--- PROVIDED MATERIAL ---
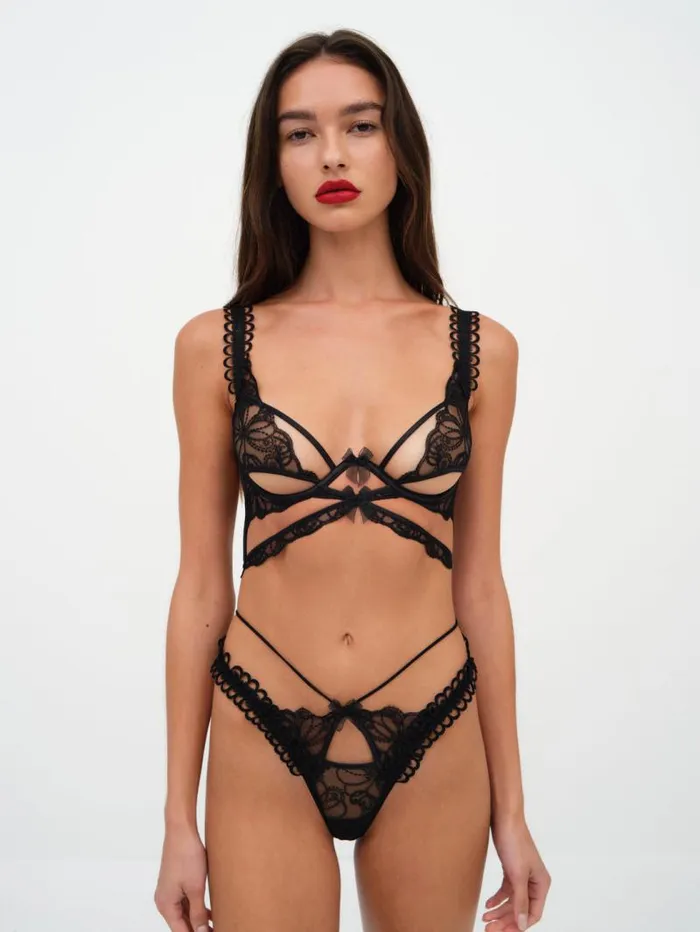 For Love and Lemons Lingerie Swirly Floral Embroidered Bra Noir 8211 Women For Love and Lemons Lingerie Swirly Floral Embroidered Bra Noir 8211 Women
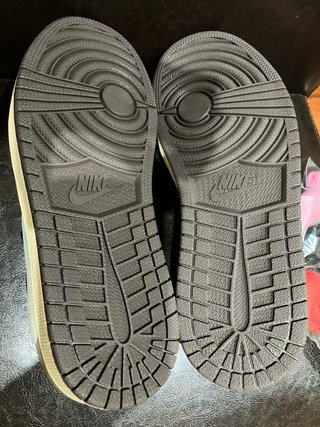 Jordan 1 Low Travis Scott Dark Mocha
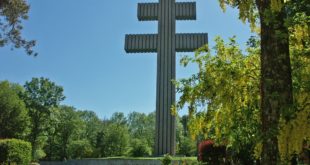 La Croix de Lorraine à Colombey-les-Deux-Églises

==

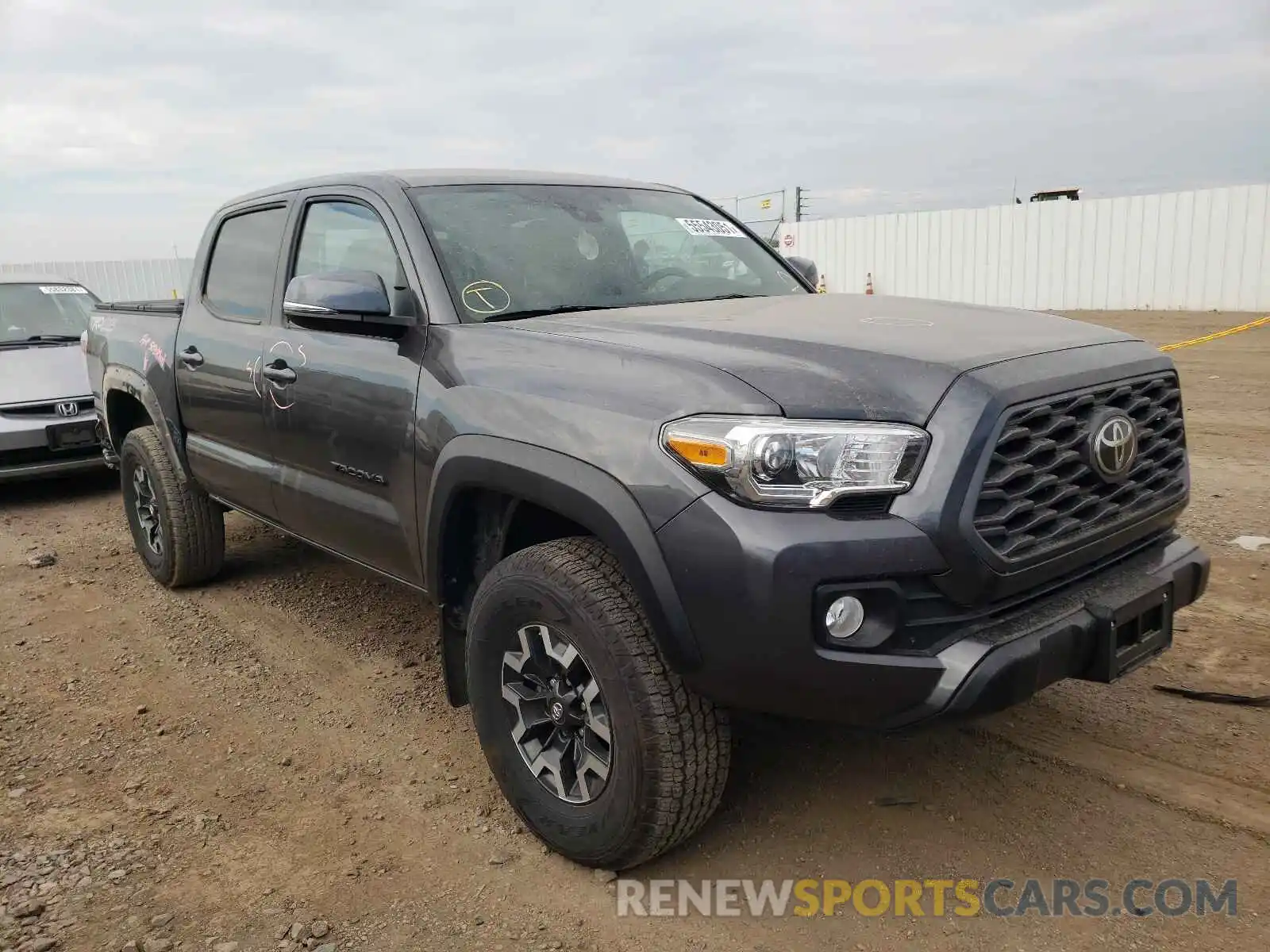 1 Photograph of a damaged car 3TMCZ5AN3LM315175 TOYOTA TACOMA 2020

==

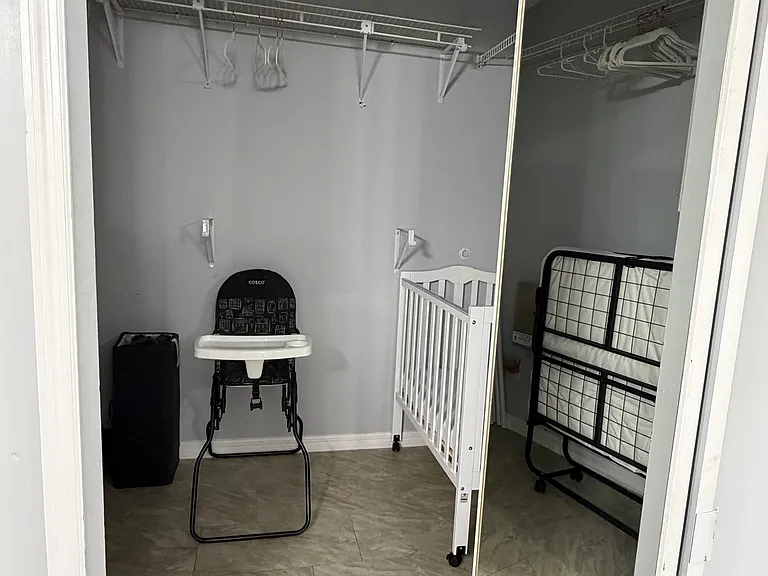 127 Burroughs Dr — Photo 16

--- PROBLEM TO WORK ON ---
All pictures are to be skipped. Output, word for word, the lines in the data above starting at the line containing "8211 Women For" and ending at the line containing "La Croix de".

--- REPLY TO THE EXERCISE ---
 For Love and Lemons Lingerie Swirly Floral Embroidered Bra Noir 8211 Women For Love and Lemons Lingerie Swirly Floral Embroidered Bra Noir 8211 Women
 Jordan 1 Low Travis Scott Dark Mocha
 La Croix de Lorraine à Colombey-les-Deux-Églises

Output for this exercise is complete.